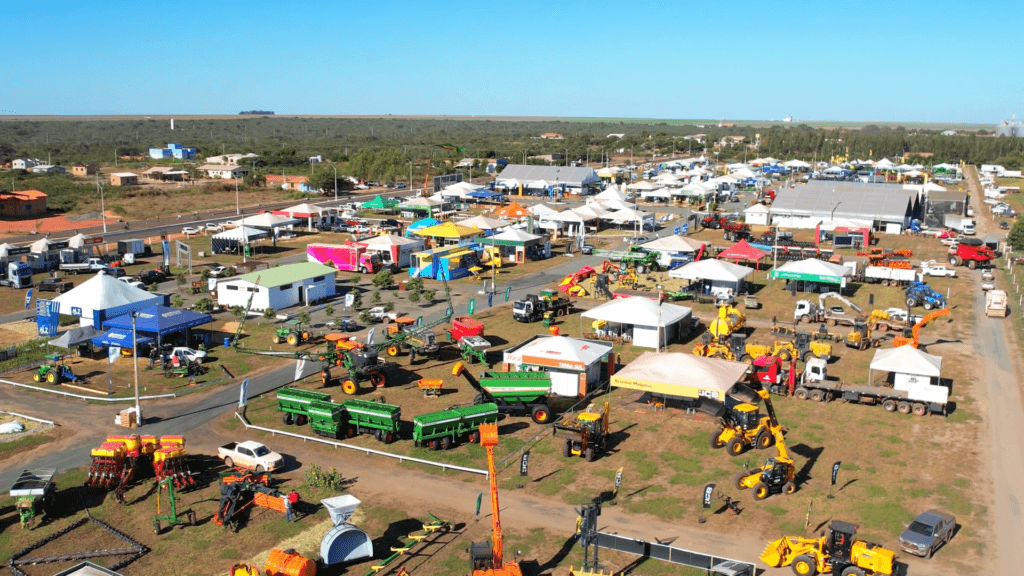 Exposoja comemora os resultados positivos da safra em Nova Santa Rosa, no Piauí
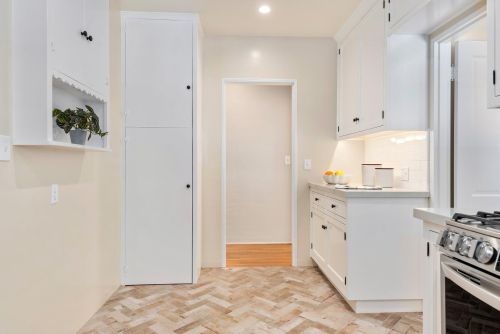 3411 Chuparosa Dr, Santa Barbara CA  93105-2612 exterior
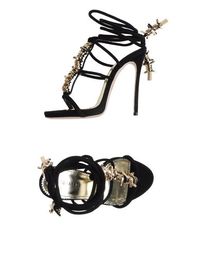 Сандалии Dsquared2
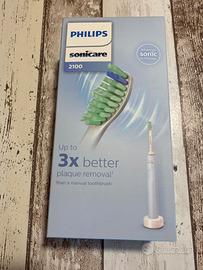 Spazzolino elettrico Philips Sonicare 2100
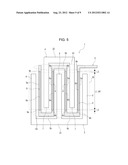 FIELD EFFECT TRANSISTOR, SEMICONDUCTOR SWITCH CIRCUIT, AND COMMUNICATION     APPARATUS diagram and image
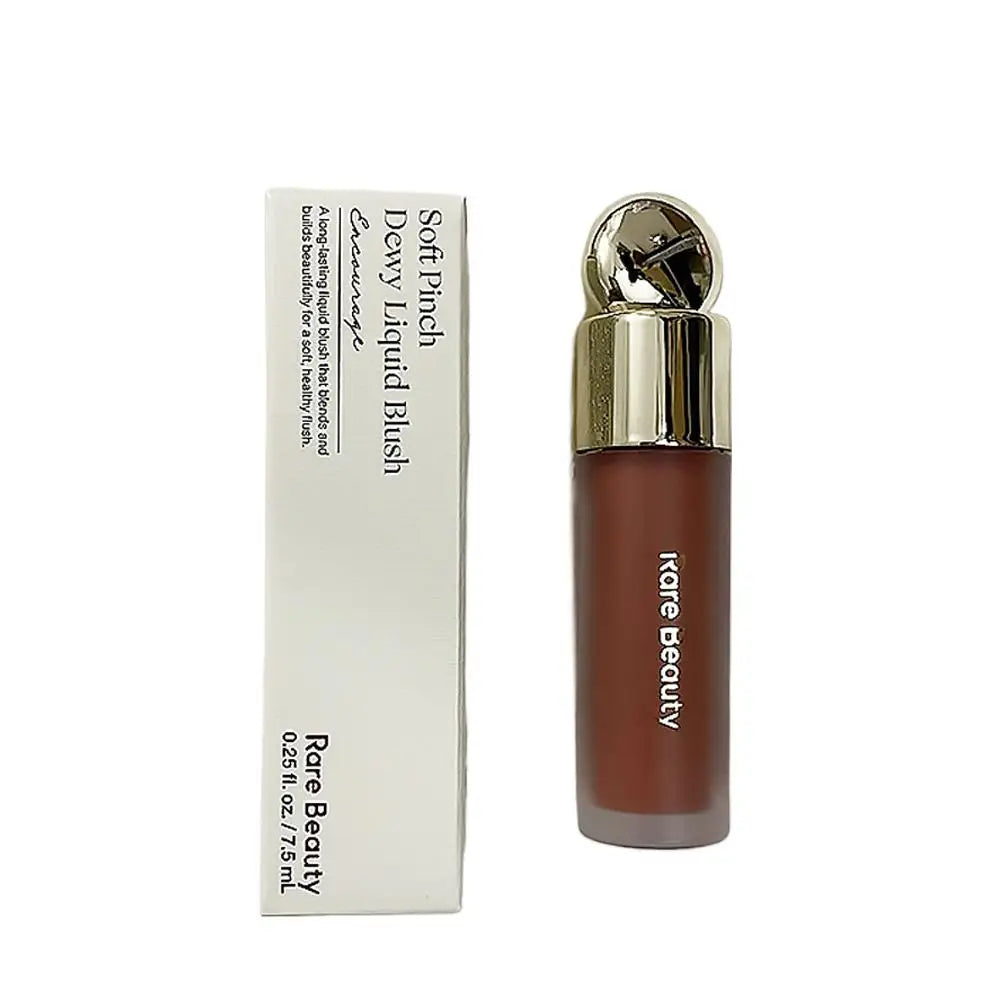 Blush Liquide Rare Beauty Multi-in-1 Believe - Rouge à Lèvres Crème Yeux Waterproof Contour Visage Ombre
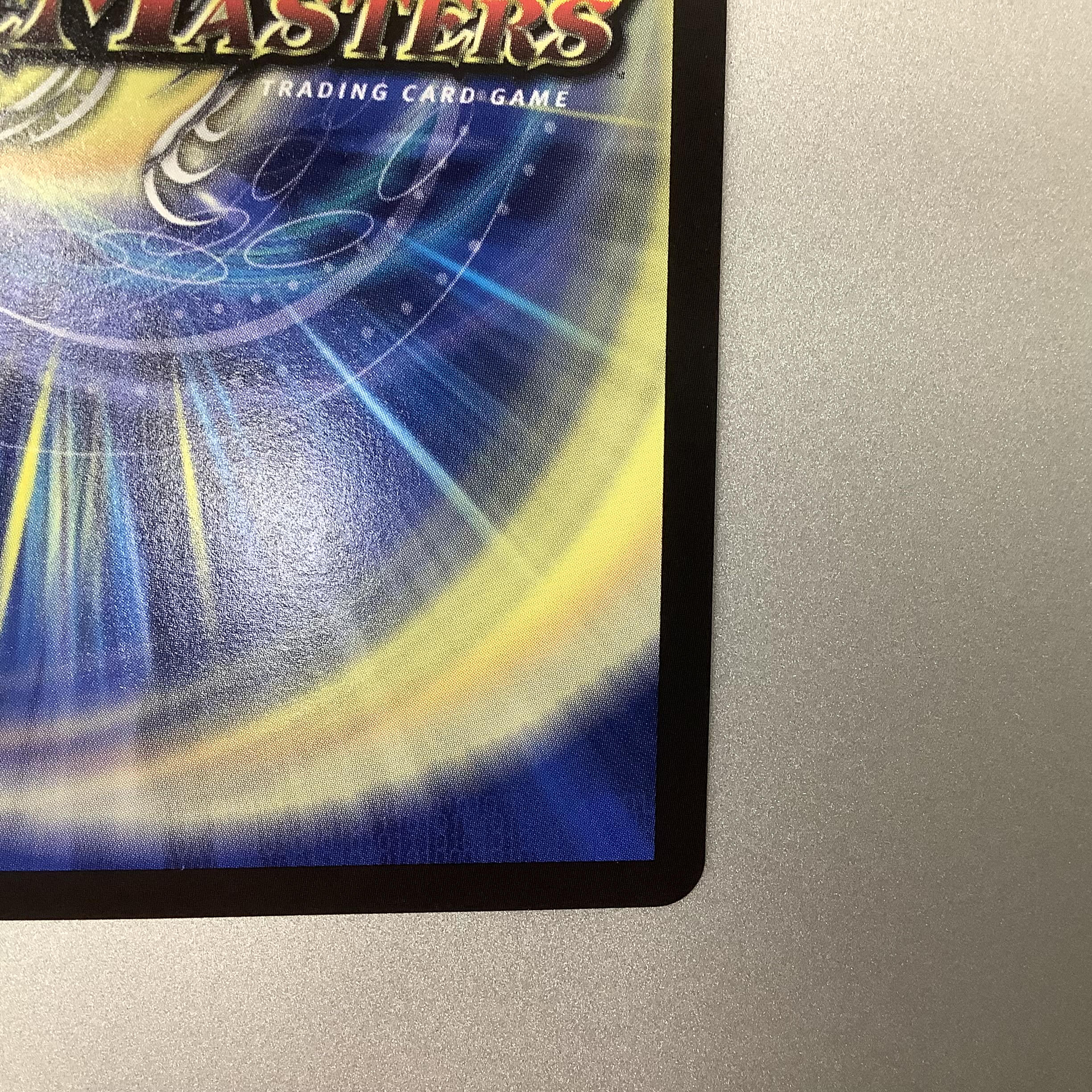 (Beautiful) Reaper Death March SR SP4/SP5 Gold Treasure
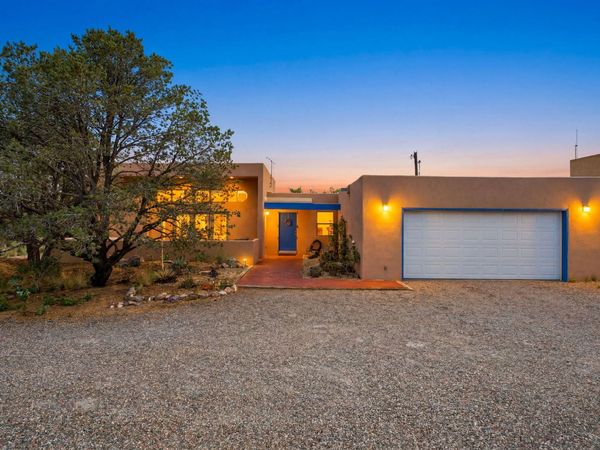 726  1 Tramway Vista Court NE, Albuquerque, NM 87122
□ □ □ □ □
The records shown above are to be repeated exactly, with the pictures left out.

### Task result
 Exposoja comemora os resultados positivos da safra em Nova Santa Rosa, no Piauí
 3411 Chuparosa Dr, Santa Barbara CA  93105-2612 exterior
 Сандалии Dsquared2
 Spazzolino elettrico Philips Sonicare 2100
 FIELD EFFECT TRANSISTOR, SEMICONDUCTOR SWITCH CIRCUIT, AND COMMUNICATION     APPARATUS diagram and image
 Blush Liquide Rare Beauty Multi-in-1 Believe - Rouge à Lèvres Crème Yeux Waterproof Contour Visage Ombre
 (Beautiful) Reaper Death March SR SP4/SP5 Gold Treasure
 726  1 Tramway Vista Court NE, Albuquerque, NM 87122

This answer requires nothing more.